Exactly as they appear, copy the lines of the listing from the one containing "Mel Renfro Hand Signed Cowboys Mini Helmet" through the final line, both included, and nothing else.

*** Opening of SOURCE MATERIAL ***

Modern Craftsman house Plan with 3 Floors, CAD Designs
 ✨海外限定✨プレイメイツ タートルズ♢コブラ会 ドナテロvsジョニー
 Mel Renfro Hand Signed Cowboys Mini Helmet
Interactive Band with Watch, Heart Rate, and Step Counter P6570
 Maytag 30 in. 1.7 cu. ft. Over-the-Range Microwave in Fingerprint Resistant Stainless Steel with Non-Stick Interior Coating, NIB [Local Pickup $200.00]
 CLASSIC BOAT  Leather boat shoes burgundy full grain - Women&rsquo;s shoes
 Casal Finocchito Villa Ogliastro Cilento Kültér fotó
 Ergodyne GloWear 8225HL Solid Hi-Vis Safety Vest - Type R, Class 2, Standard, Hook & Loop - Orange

*** Close of SOURCE MATERIAL ***

### SOLUTION TO THE EXERCISE:
 Mel Renfro Hand Signed Cowboys Mini Helmet
Interactive Band with Watch, Heart Rate, and Step Counter P6570
 Maytag 30 in. 1.7 cu. ft. Over-the-Range Microwave in Fingerprint Resistant Stainless Steel with Non-Stick Interior Coating, NIB [Local Pickup $200.00]
 CLASSIC BOAT  Leather boat shoes burgundy full grain - Women&rsquo;s shoes
 Casal Finocchito Villa Ogliastro Cilento Kültér fotó
 Ergodyne GloWear 8225HL Solid Hi-Vis Safety Vest - Type R, Class 2, Standard, Hook & Loop - Orange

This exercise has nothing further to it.